Week of October 9, 2000


'Save the baby humans'

Pro-lifers line streets to call for an end to abortion


By RAMON GONZALEZ
WCR Staff Writer
Edmonton


More than 500 people took to the streets Oct. 1 to remind Edmontonians that abortion is wrong.

Holding signs that said, "Abortion kills children" and "Abortion hurts women," the protesters stood along 149th Street and Stony Plain Road for an hour waving to passing motorists.

One demonstrator dressed up in a panda bear costume to bring home the message that even animals protect their offspring. "Save the baby humans," read a sign held by the panda.

Called International Life Chain, the demonstration was one of 13 taking place in communities across Alberta.
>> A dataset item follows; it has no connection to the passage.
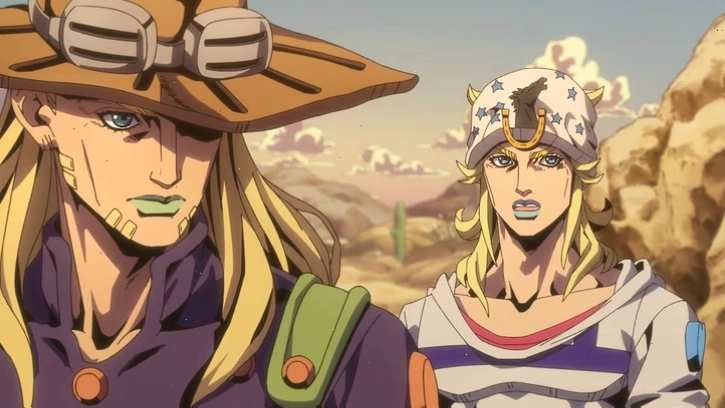 Các nhân vật và Stand trong Steel Ball Run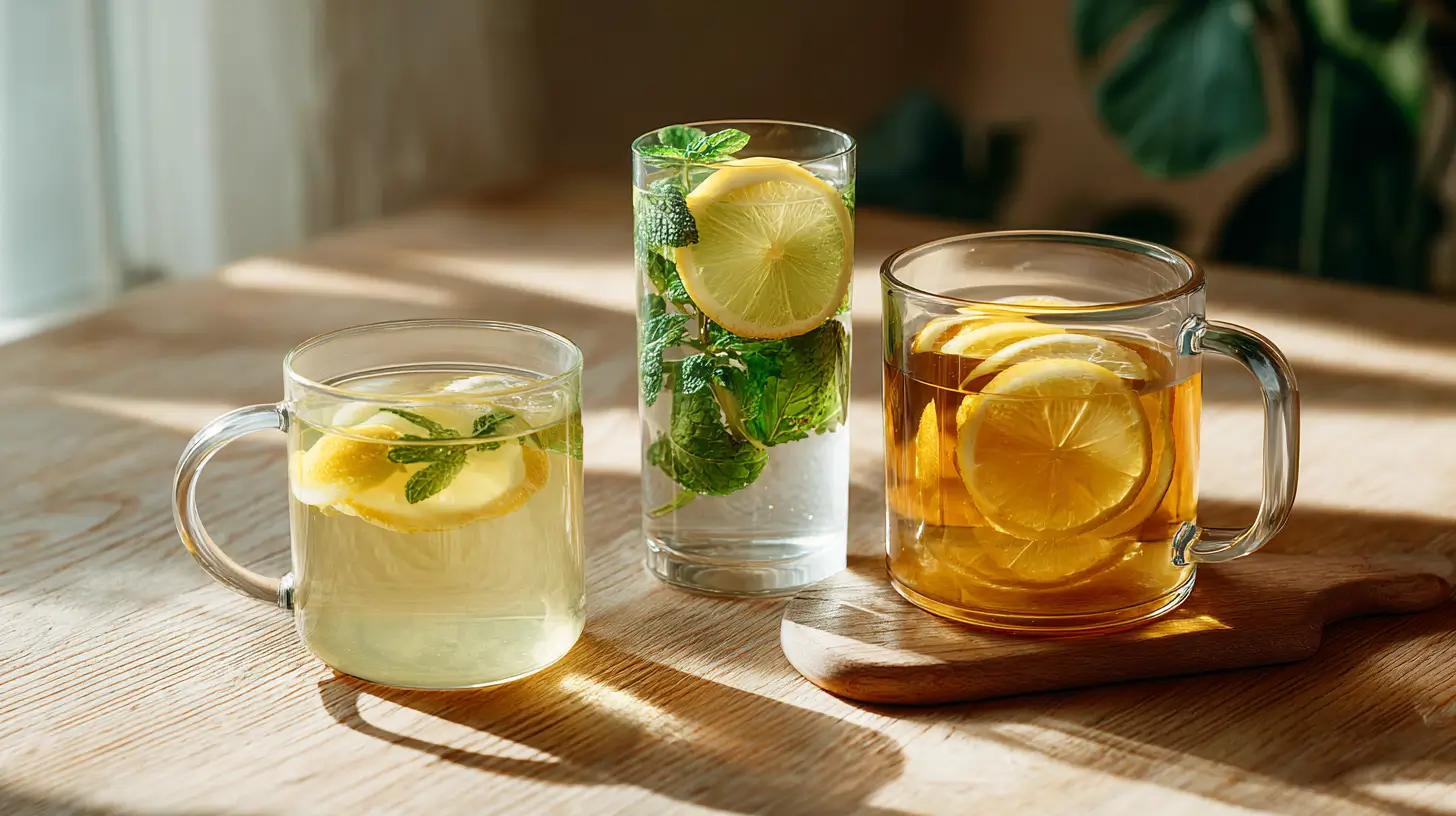wellness drinks for healthy drink routines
In Drayton Valley, some 70 people took part in the demonstration. Forming a cross at the intersection of 50th Street and 50th Avenue, participants waved at passing motorists holding signs that read: "Life, the choice of the next generation" and "Abortion and euthanasia stop a beating heart."

Similar demonstrations took place in the rest of Canada and around the world.
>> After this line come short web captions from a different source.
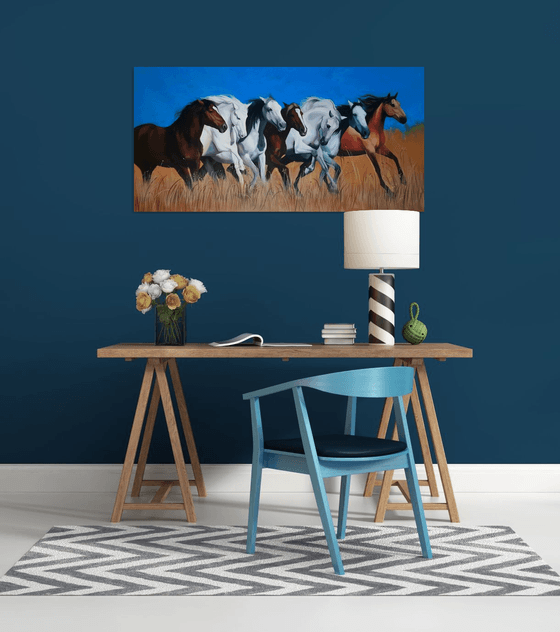 Seven Horses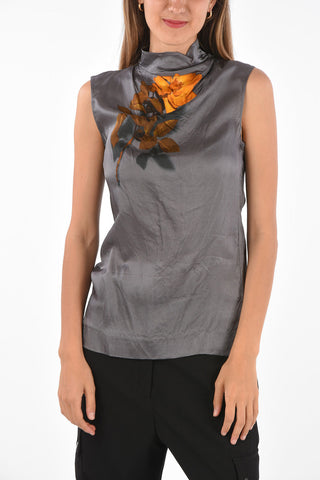 Printed CHIARA Sleeveless Top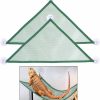 Reptiles & Amphibian ADOGGYGO | Adoggygo Bearded Dragon Lizard Hammock Reptile Hammock Lounger Ladder Bearded Dragon Hammock Accessories For Bearded Dragons Geckos Lizards Reptile (Green)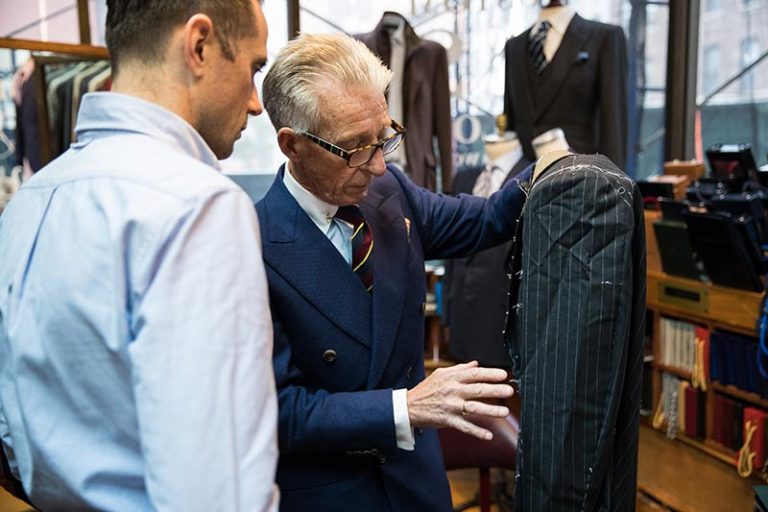 Speaking Style With Edward Sexton, Master Tailor - He Spoke Style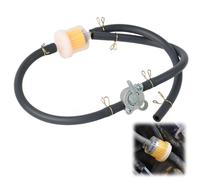 Grifo de Combustible Universal, Interruptor de Gasolina para Motores de 50cc a 150cc, Grifo de Gasolina para Tanques, Dirt Bike, Go-Kart y Dune Buggy, Alta Durabilidad y Fácil Instalación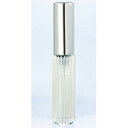 香水 YAMADA ATOMIZER グラスアトマイザー シンプル 60502 ストライプ/キャップシルバー 4.5ml 【フレグランス ギフト 新生活2025...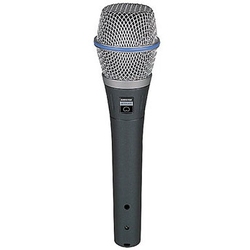 Shure BETA 87C - Конденсаторный кардиоидный вокальный микрофон 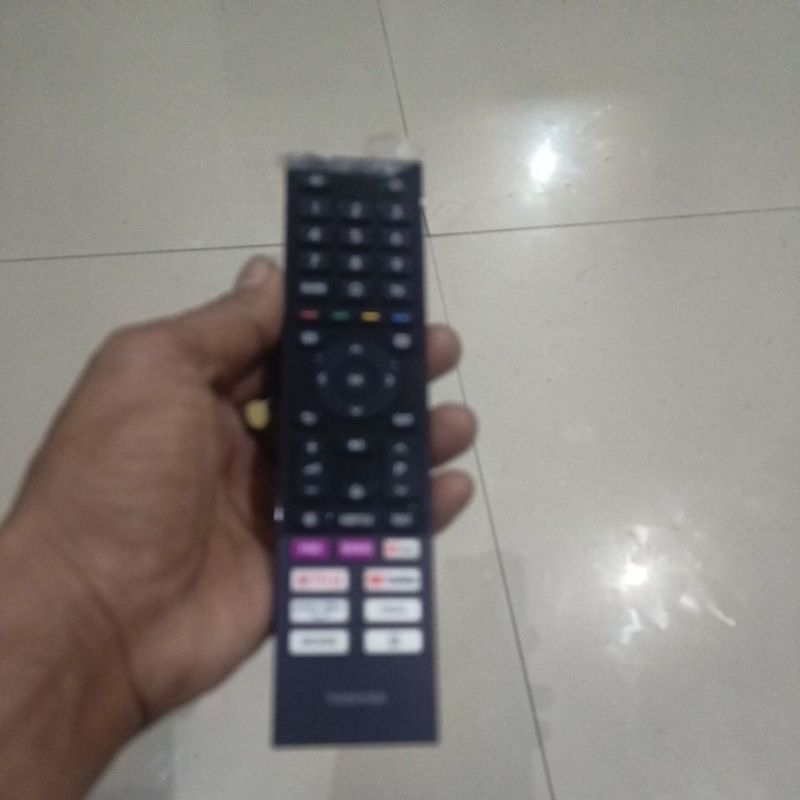 REMOT ORIGINAL TV LED TOSHIBA ANDROID 43E31KP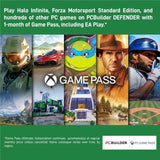 PCBuilder DEFENDER Gaming Desktop PC - AMD Ryzen 5 5600GT 500GB SSD 16GB RAM Win 11 Home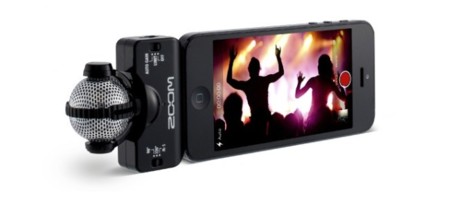 Zoom iQ5, nuevos micros para potenciar la grabación de sonido en dispositivos iOS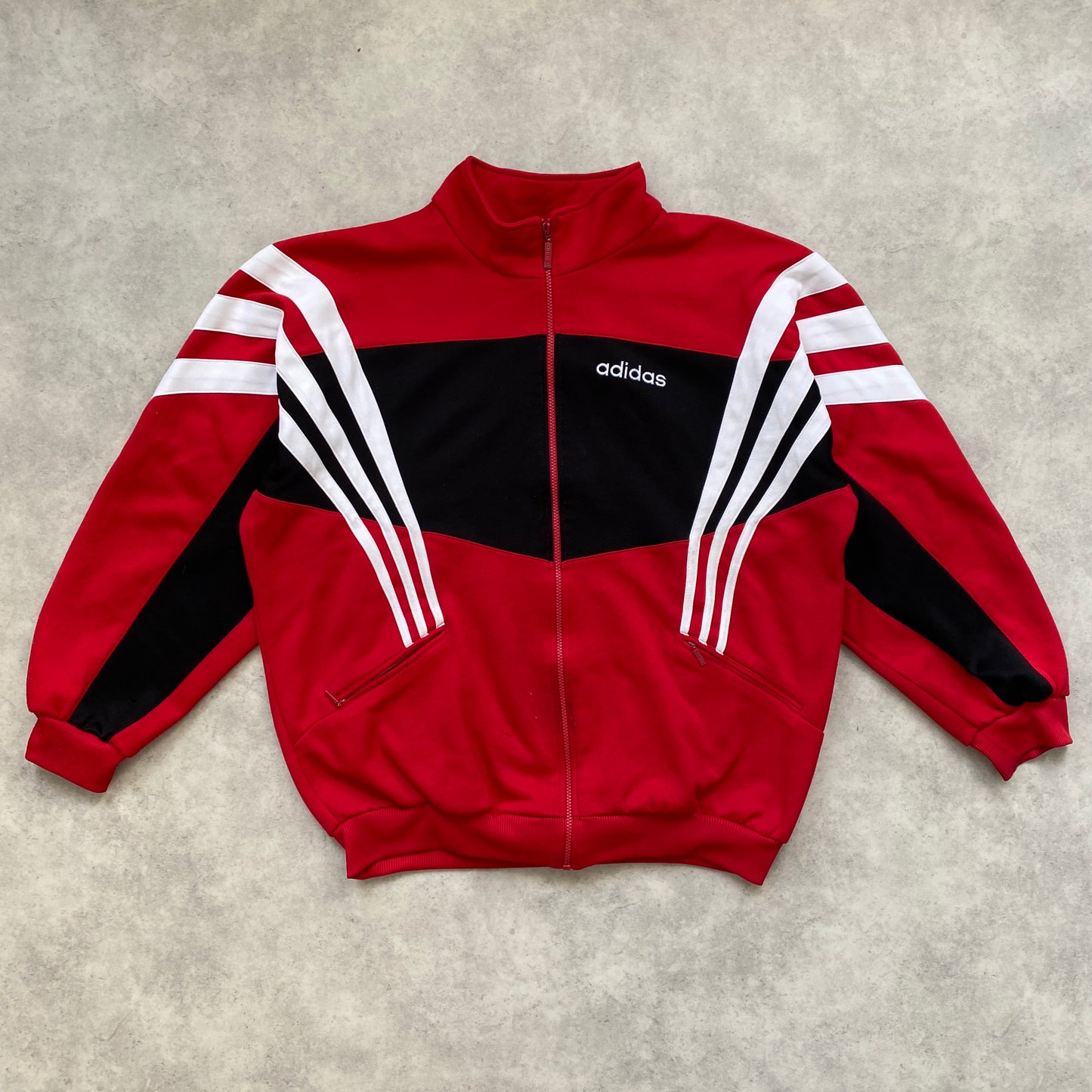 Adidas RARE zip sweater (XL-XXL)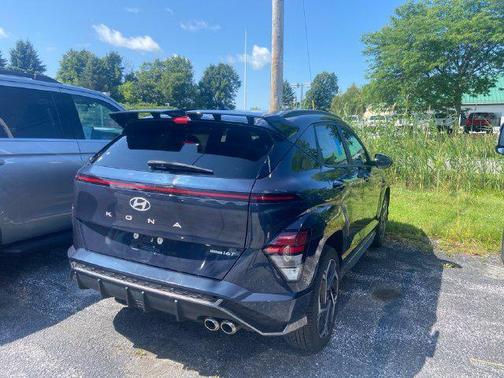 Denim Blue Pearl 2024 Hyundai KONA N Line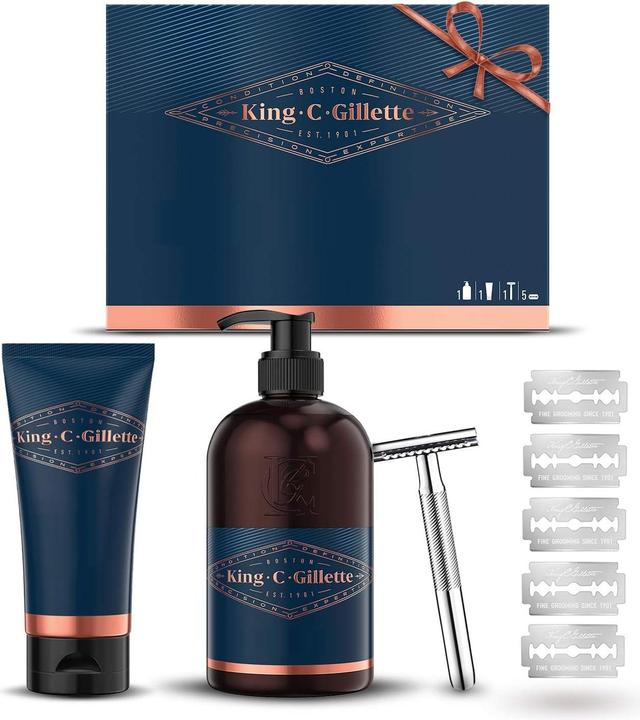 Actual product image King C. Gillette Trial Kit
The purpose of the Life Chain demonstration is "to remind people of abortion, how it is hurting women, how it is killing our children," said organizer Robert Mollot, vice-president of Alberta Pro-Life.

"This is a show of support, of solidarity with the pre-natal children that are being slaughtered."

Mollot said the protest was also aimed at trying to get politicians to give more protection to the unborn.

"We would like more protection for pre-natal children," he said. "Canada is the only country in the Western Hemisphere where there is no law to protect pre-natal children. Abortion could be done for any reason, at any time, even five minutes before birth and all of that paid with tax dollars."

Mollot said there were more than 10,000 abortions in 1998 in Alberta.

A huge sign pasted on the side of a trailer parked on the corner of 100th Avenue and 149th Street gave more information to passing motorists: "Abortion . . . crime of the millennium," it read. "11 classrooms murdered every day in Canada. Over 2.4 million abortions to date in Canada."

Rene Hyde, a teacher at Austin O'Brien Catholic High School, took part in the protest "because I'm a Catholic and I don't believe in abortion at all."

"I would like to see it totally abolished in Canada, unless the mother is in danger, of course."

Riley Klassen, a St. Albert stockbroker, has participated in the protest for the past two years to show support for the pro-life movement and to make abortion "more of an issue."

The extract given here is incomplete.